**PROBLEM DETAILS**. Once the pictures are removed, return each record below exactly as written.

**DATA SECTION**.
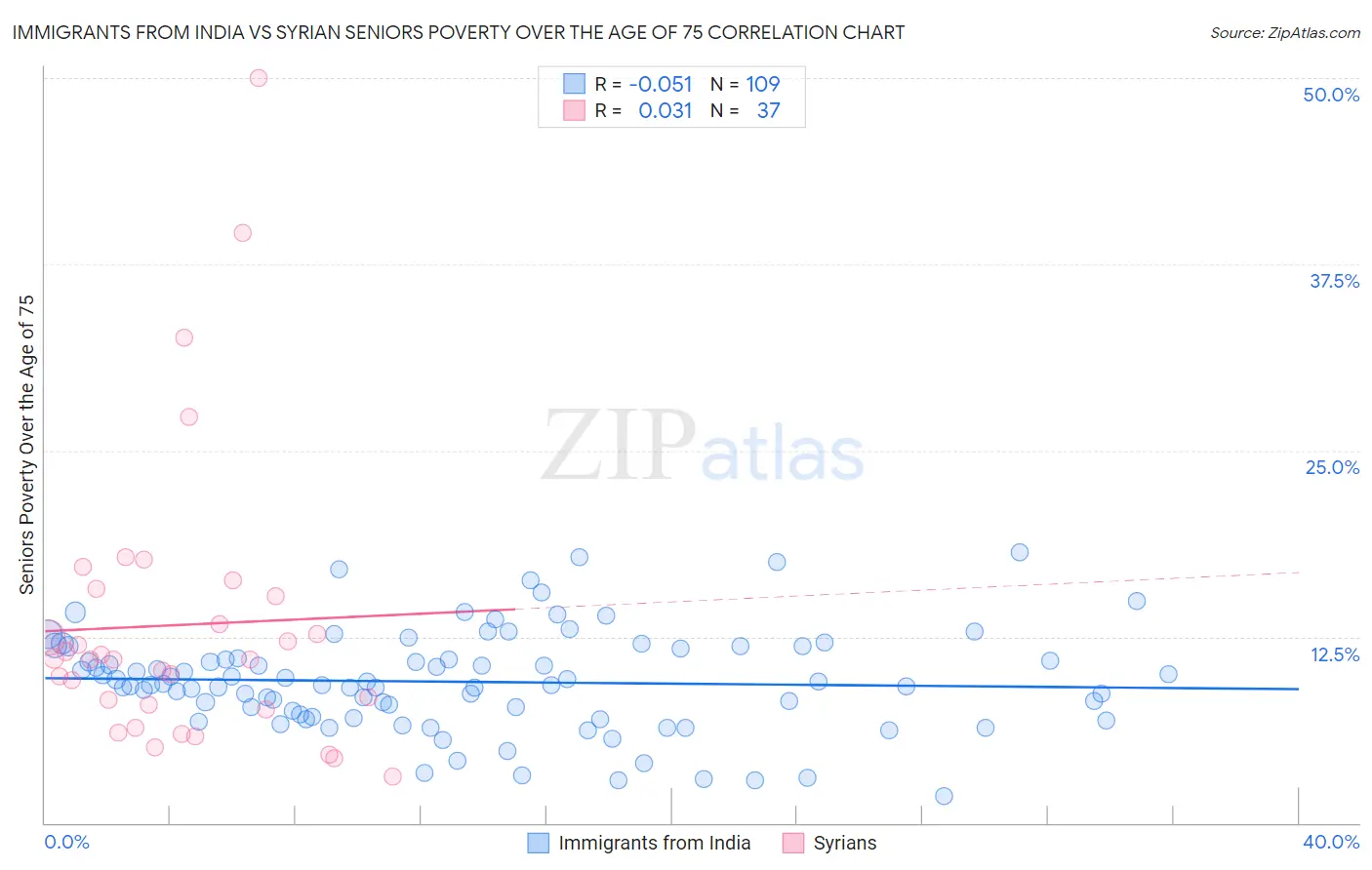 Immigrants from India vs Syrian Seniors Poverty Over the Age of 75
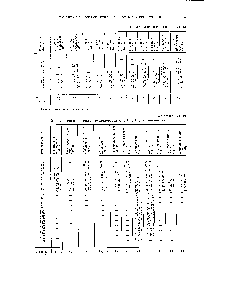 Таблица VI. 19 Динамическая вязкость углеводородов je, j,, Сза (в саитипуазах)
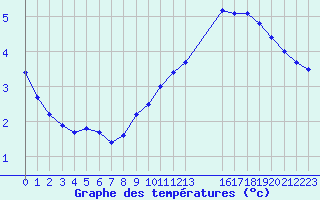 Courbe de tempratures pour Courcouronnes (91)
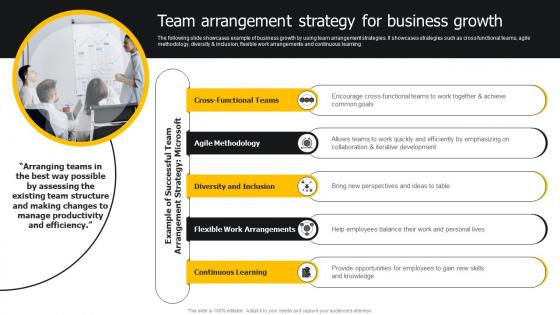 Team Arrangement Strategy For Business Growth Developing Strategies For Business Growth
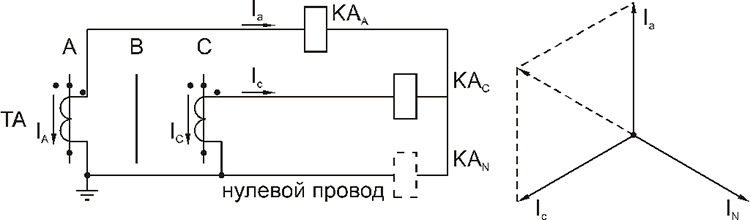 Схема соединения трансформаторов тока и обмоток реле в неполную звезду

**PROBLEM SOLUTION**.
 Immigrants from India vs Syrian Seniors Poverty Over the Age of 75
 Таблица VI. 19 Динамическая вязкость углеводородов je, j,, Сза (в саитипуазах)
 Courbe de tempratures pour Courcouronnes (91)
 Team Arrangement Strategy For Business Growth Developing Strategies For Business Growth
 Схема соединения трансформаторов тока и обмоток реле в неполную звезду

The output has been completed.